Production in the Viking averaged 16,301 boe/d
(88% oil and NGL) during Q2/2021, as compared to 19,403 boe/d in
Q1/2021. Our capital program in the second quarter included the
seasonal slowdown, which resulted in the completion of 14 (14.0
net) wells, as compared to 44 (43.2 net) wells during the first
quarter. In Q2/2021, we invested $17 million on exploration and
development in the Viking and generated an operating netback of $72
million. We expect to bring approximately 120 net wells on
production in the Viking during 2021.
Heavy Oil
Our heavy oil assets at Peace River and
Lloydminster produced a combined 23,304 boe/d (91% oil and NGL)
during the Q2/2021, as compared to 24,395 boe/d in Q1/2021. We
scheduled minimal heavy oil development for the first half of 2021.

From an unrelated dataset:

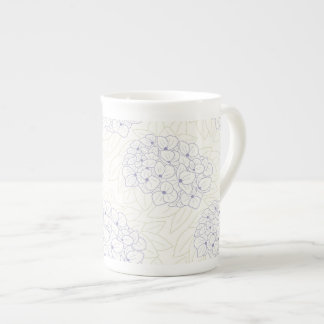 Taza De Porcelana Purple Hydrangeas outline
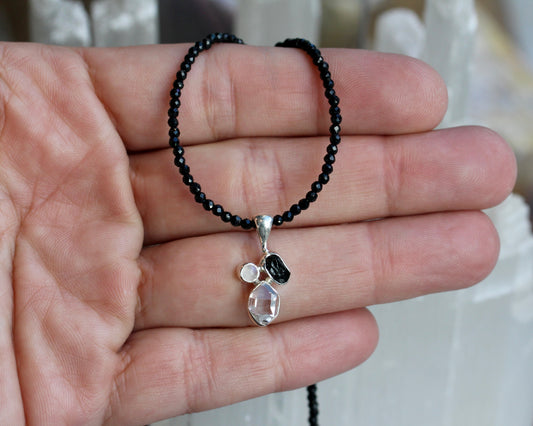 Herkimer Diamond Black Spinel Beaded Necklace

Our heavy oil program kicked off in June with approximately 35 net
wells planned for the year, including up to seven net wells in our
Spirit River (Clearwater equivalent) play.
Peace River Clearwater
Across all of our core assets, inventory
enhancement continues to be a priority. We are also committed to
building and maintaining respectful relationships with Indigenous
communities and creating opportunities for meaningful economic
participation and inclusion. In early 2020, we executed a strategic
agreement with the Peavine Métis settlement in the Peace River area
that covers 60 sections of land directly to the south of our
existing Seal operations. At the time, we identified significant
potential for this early stage exploratory play targeting the
Spirit River formation, a Clearwater formation equivalent.

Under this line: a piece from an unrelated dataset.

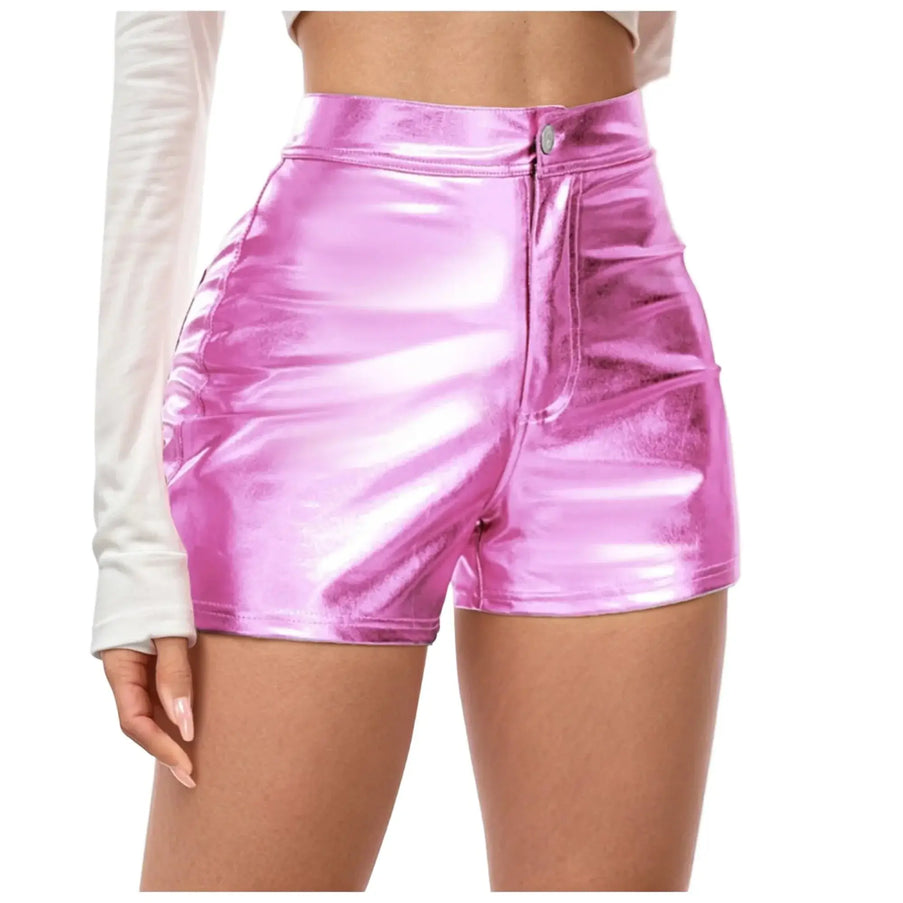 Pink metallic shorts worn by a person on a white background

Our appraisal program continues to yield
encouraging results and pending continued success, sets the stage
for a potential increase in activity in 2022. We plan to drill up
to seven net appraisal wells in 2021, of which five net appraisal
wells will occur on our Peavine lands. Across our acreage position
in northwest Alberta, we estimate that over 100 sections are
prospective for Clearwater development. The following table
summarizes our Peavine appraisal program for 2021.
Area |
Well |
Spud |
Rig Release |
# of Laterals |
30-Day Initial Production Rate (bbl/d) |
Peavine |
100/04-34-078-16W5 |
January 6 |
January 19 |
2 |
175 |
Peavine |
102/04-34-078-16W5 |
June 15 |
June 21 |
2 |
175 |
Peavine |
100/13-27-078-16W5 |
June 22 |
July 6 |
8 |
On Production July 10 |
Peavine |
100/05-34-078-16W5 |
July 8 |
July 18 |
8 |
On Production July 22 |
Peavine |
100/11-31-078-15W5 |
July 20 |
|
8 |
|
Pembina Area Duvernay Light Oil
Production in the Pembina Duvernay averaged
1,698 boe/d (80% oil and NGL) during Q2/2021, as compared to 2,138
boe/d in Q1/2021. We now have nine producing wells in the Pembina
area and have significantly de-risked our approximately
38-kilometre long acreage fairway, where we hold 232 sections (100%
working interest) of Duvernay land. We expect to bring two
additional 100% working interest wells on production during the
third quarter.
Financial Liquidity
Our credit facilities total approximately $1.0
billion and have a maturity date of April 2, 2024. These are not
borrowing base facilities and do not require annual or semi-annual
reviews. As of June 30, 2021, we had $511 million of undrawn
capacity on our credit facilities, resulting in liquidity, net of
working capital, of $477 million.
Our net debt, which includes our credit
facilities, long-term notes and working capital, totaled $1.63
billion at June 30, 2021, down from $1.76 billion at March 31,
2021.
On May 4, 2021, we repurchased and cancelled
US$5.8 million principal amount of 5.625% long-term notes.
Subsequent to the quarter, we used free cash flow generated in the
first half of 2021 to repurchase and cancel US$100 million
principal amount of the 5.625% long-term notes at the call price of
100.938% plus accrued interest effective July 28, 2021.
Risk Management
To manage commodity price movements, we utilize
various financial derivative contracts and crude-by-rail to reduce
the volatility of our adjusted funds flow.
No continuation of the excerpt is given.